Kommentar von Sebastian Fischer

Der Bundesliga-Tabelle zufolge wäre Union Berlin das nächste Opfer, und tatsächlich muss man nach dem entsprechenden Gerücht gar nicht lange suchen. Urs Fischer, der den Klub in die erste Liga und in dieser Saison bislang auf Rang acht geführt hat, stehe "auf der Liste" möglicher neuer Trainer von Eintracht Frankfurt, schrieb am Mittwoch die Sport-Bild. Vielleicht sind es also nun passenderweise der betont unaufgeregte Schweizer und seine betont traditionsbewussten Vorgesetzten an der Alten Försterei in Köpenick, die den Ruf einer gerade sehr aufgeregten Branche retten - wenn bei ihnen nicht der nächste Stein im Trainer-Domino fällt.

Dass der Transfermarkt für Fußballlehrer gerade jenem entfesselten für Fußballspieler gleicht, das ist in dieser Bundesligasaison schon fast eine alte These. Sie wurde bereits aufgestellt, als vor zwei Wochen in Frankfurts Adi Hütter (für 7,5 Millionen Euro zu Borussia Mönchengladbach) nach Marco Rose (für 5 Millionen von Gladbach nach Dortmund) der zweite Erstliga-Coach binnen kurzer Zeit von einer Ausstiegsklausel Gebrauch machte, um seinen Verein vor Vertragsende zu verlassen.

Inzwischen ergibt sich an der Liga-Spitze ein nie dagewesenes Bild: Die besten sieben Klubs werden in der kommenden Spielzeit womöglich einen anderen Trainer beschäftigen als den aktuellen. Seit der Wechsel von Julian Nagelsmann von RB Leipzig zum FC Bayern fix ist, steht dies für fünf Mannschaften fest. Beim VfL Wolfsburg ist es wahrscheinlich. Und Leverkusens Trainer Hannes Wolf ist offiziell nur die Interimslösung bis Saisonende.

Nun sind solche Wechsel samt teuren Ablösezahlungen, in der Spitze die Rekordsumme von 15 bis 25 Millionen Euro für Nagelsmann, einerseits Ausweis der gestiegenen Bedeutung von Trainern. Sie bestimmen oft, welche Art von Fußball ein Verein spielt; sie bestimmen immer, ob dieser Fußball Erfolg hat. Und im Misserfolgsfall sind sie die Ersten, die ihren Job verlieren. Es ist demnach nur logisch, dass sie ihren Wert auch geltend machen - und genau wie Spieler ihren eigenen Karriereweg planen.

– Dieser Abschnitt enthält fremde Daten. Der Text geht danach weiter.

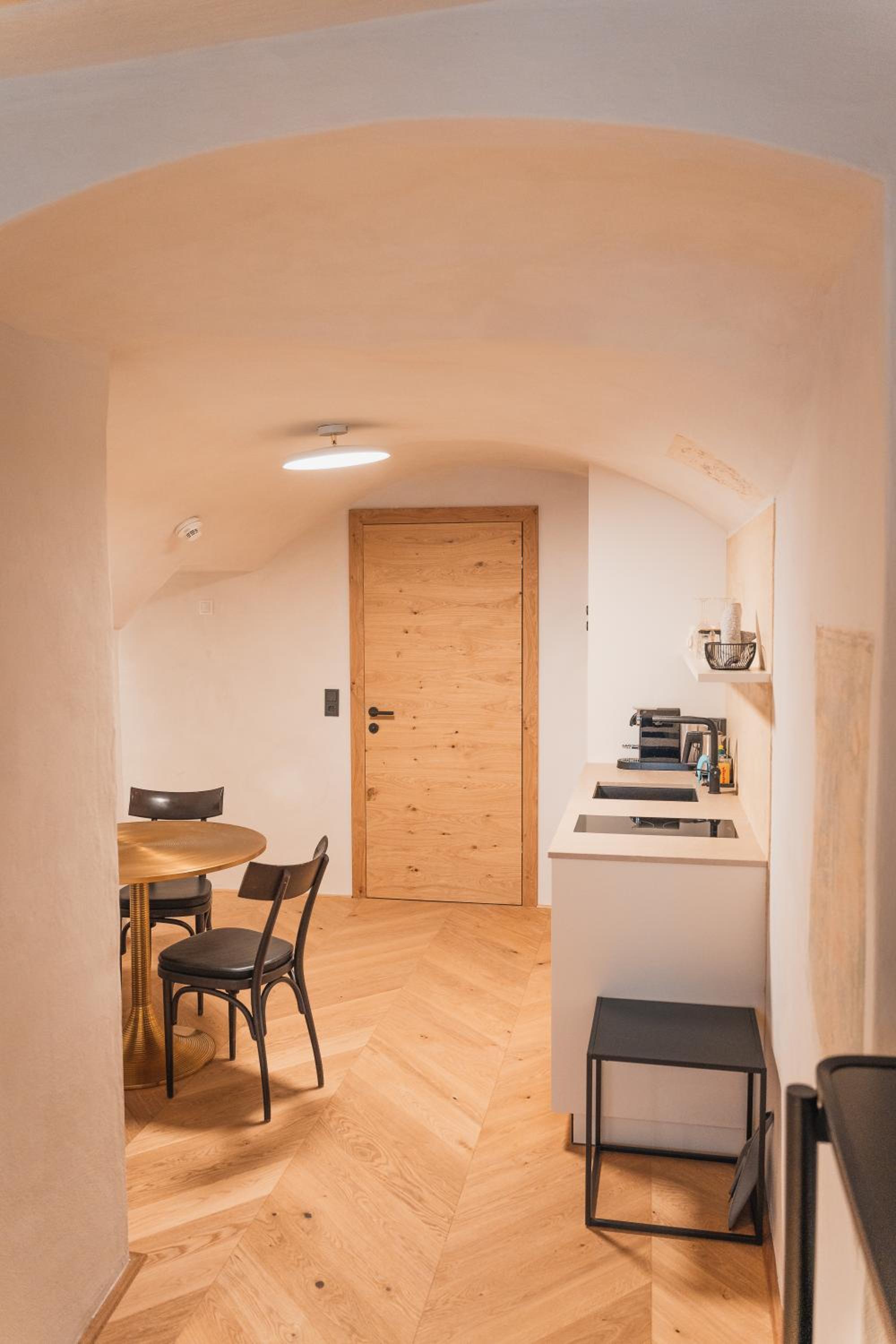 H5 Grey Bear Studios e altro, Foto 10
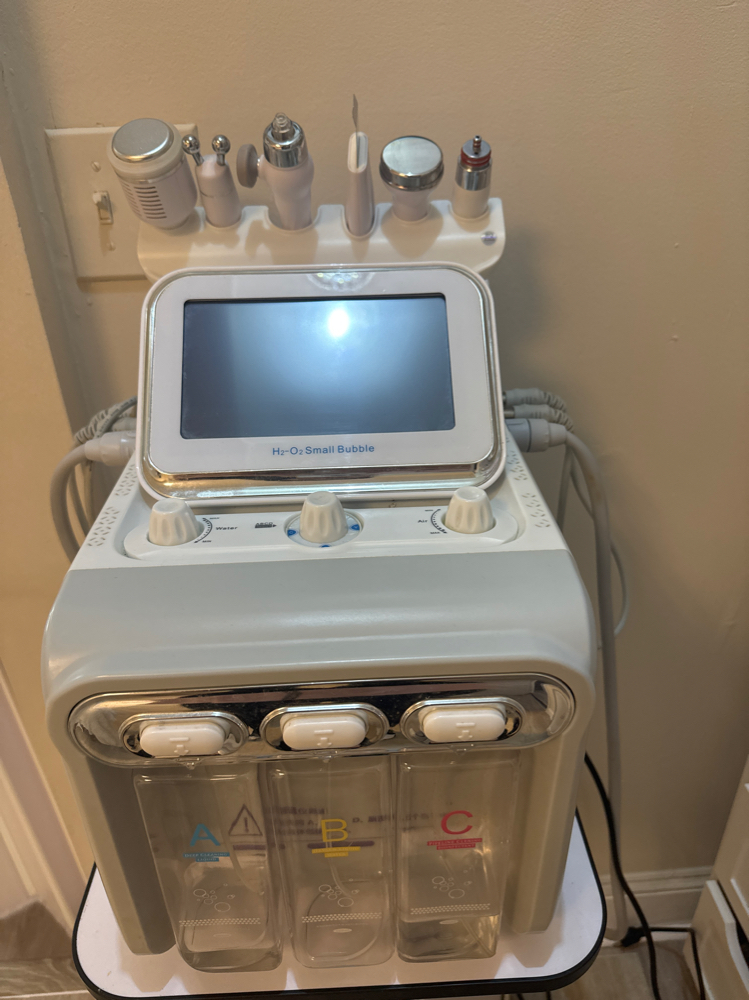 Hydro-Facial +LED Light +vitamin C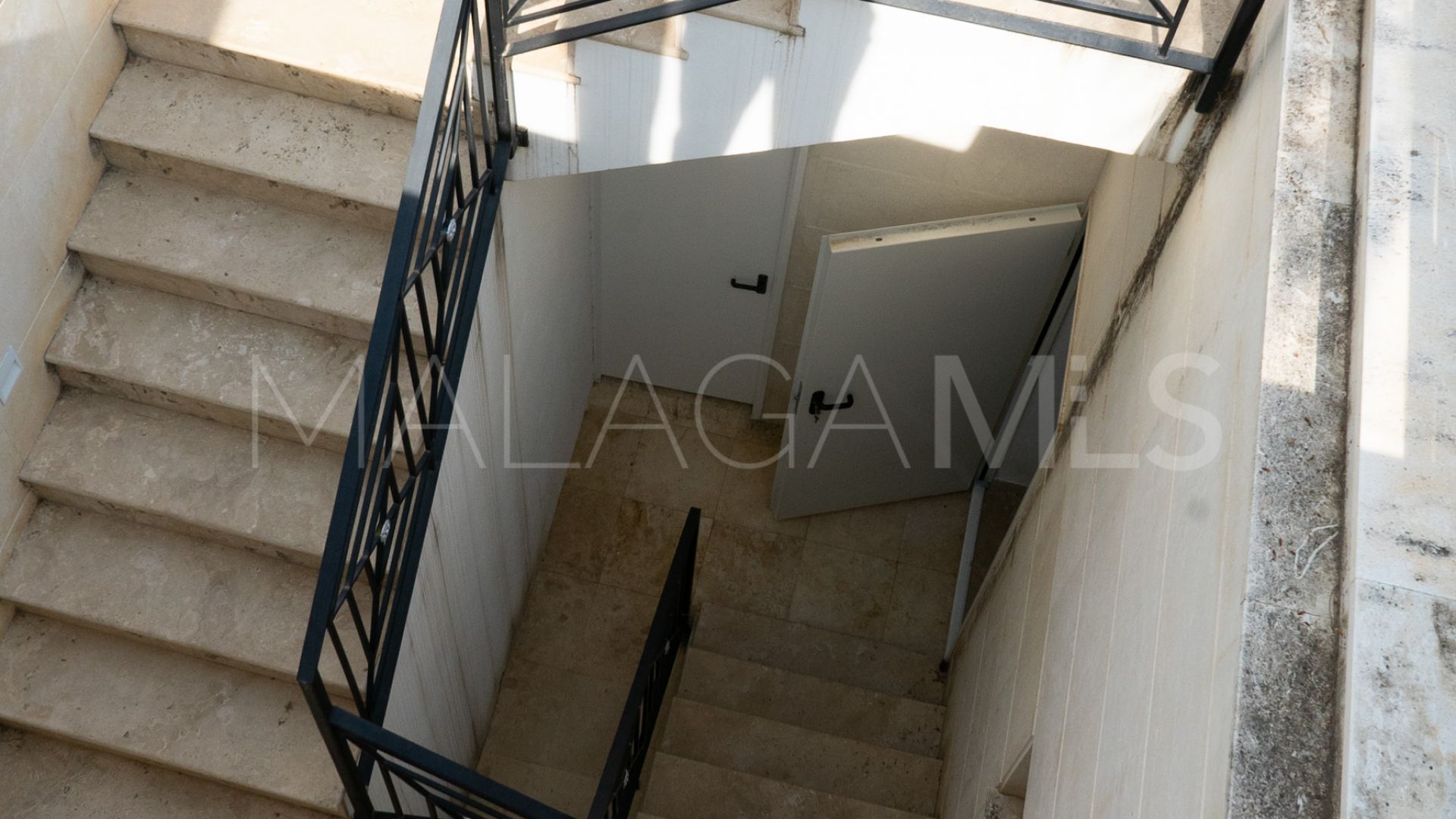 Villa for sale in Sierra Blanca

Andererseits schwächen sie ihre Position damit ironischerweise selbst wieder. Nicht nur beim FC Bayern, wo sich Hansi Flick mit Hasan Salihamidzic zerstritt, sondern auch in Wolfsburg, wo Oliver Glasner und Sportchef Jörg Schmadtke nicht gerade harmonisch zusammenarbeiten, geht es bei den Konflikten auch um den Willen der Trainer, Einfluss auf die Gestaltung des Kaders zu nehmen. Es gibt gute Argumente dafür, siehe oben. Wenn Trainer aber gar nicht mehr für Kontinuität stehen wollen, sondern im Zweifel schon wieder weg sein könnten, wenn ihre Wünsche umgesetzt sind, ist das ein ziemlich gutes Gegenargument.

Immerhin: Dass Urs Fischer Union Berlin wirklich im Sommer verlässt, ist schwer vorstellbar. Und spätestens auf Rang neun wird das Trainer-Domino dann wirklich unterbrochen. Christian Streich, in seiner zehnten Saison Cheftrainer beim SC Freiburg, hat seinen Vertrag erst kürzlich verlängert. In seinem Fall dürfte das tatsächlich bedeuten, dass er bleibt.